I had a pleasant visit today. That visit came with a bouquet of flowers. I was very grateful. Thank you Jennifer!
It really touched me.
As I looked at this bouquet of wild flowers, it reminded me of my strong character and I began to think .
I think it is a vicious circle in a way when you have a mind and spirit that shows so much energy, self discipline, willpower, determination, and of course nerve. People love being around you because you are strong, and show so much drive. People love to be around people that know what they want, and go after it. However you always have to be that…If you ever want to break down or had a bad day, or feel sad, you don’t have that opportunity. People won’t forget it, won’t forgive you. You don’t get that chance.
So what do you do when that happened? You get even tougher, even stronger and you tell yourself, that can’t happened again. People don’t give you a chance to break down…a real vicious circle.
I am competent in what I do, I inspire people, I set goals for the future,, I am fair, I am courageous, I have strong values, I have imagination, I am organized.

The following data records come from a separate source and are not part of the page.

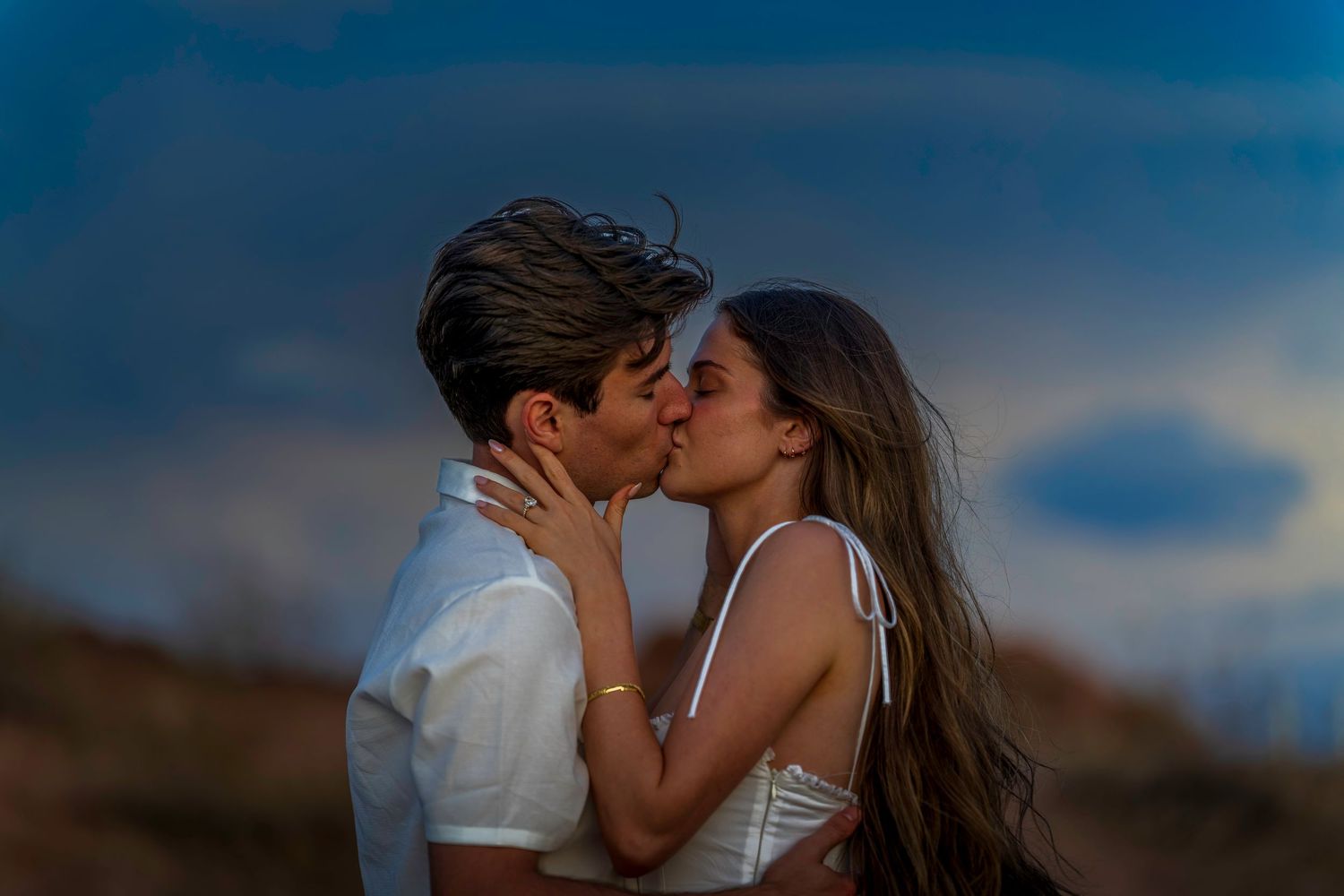 Couple in white clothing embracing during a sunset photoshoot.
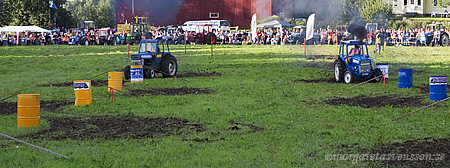 Två traktorer kör på banan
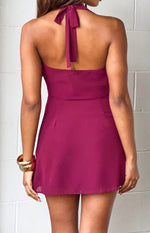 Rear view of a burgundy halter neck mini dress, showing the tie closure at the back of the neck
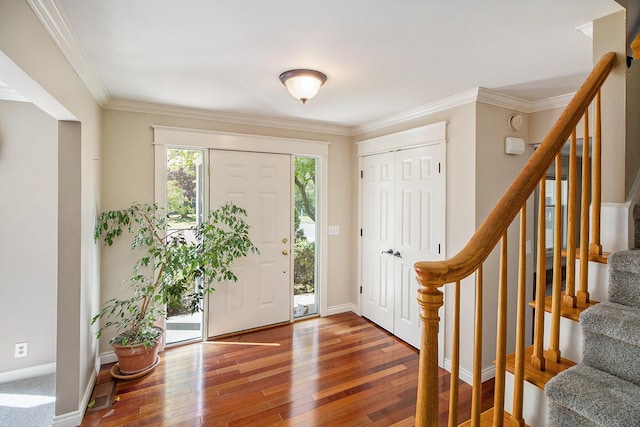 2314 Hickory Point Dr N, Portage, MI 49024 - entrance foyer featuring hardwood / wood-style flooring, stairway, ornamental molding, and baseboards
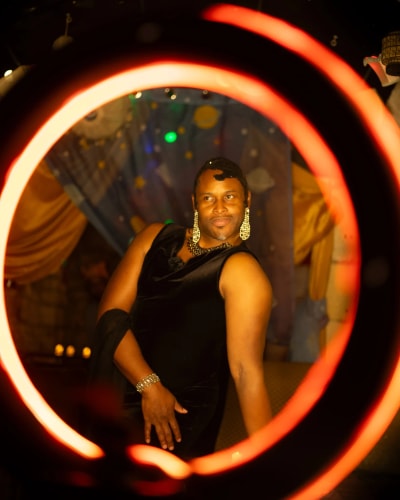 Personne posant dans une robe noire et portant de grands boucles d'oreilles brillantes, encadrée par un cercle lumineux rouge orangé.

Is it so hard to believe that I would like sometimes for people to understand that I can fail at something? That I want to a chance to be able to fail, to be able to cry , to be able to not be that strong person, just for a while?
So instead I went on a 2 hours run, and since I have still so much energy I will make my way to the pool to go for a swim, then after that ,I will do my homework and go on as the strong woman that I am.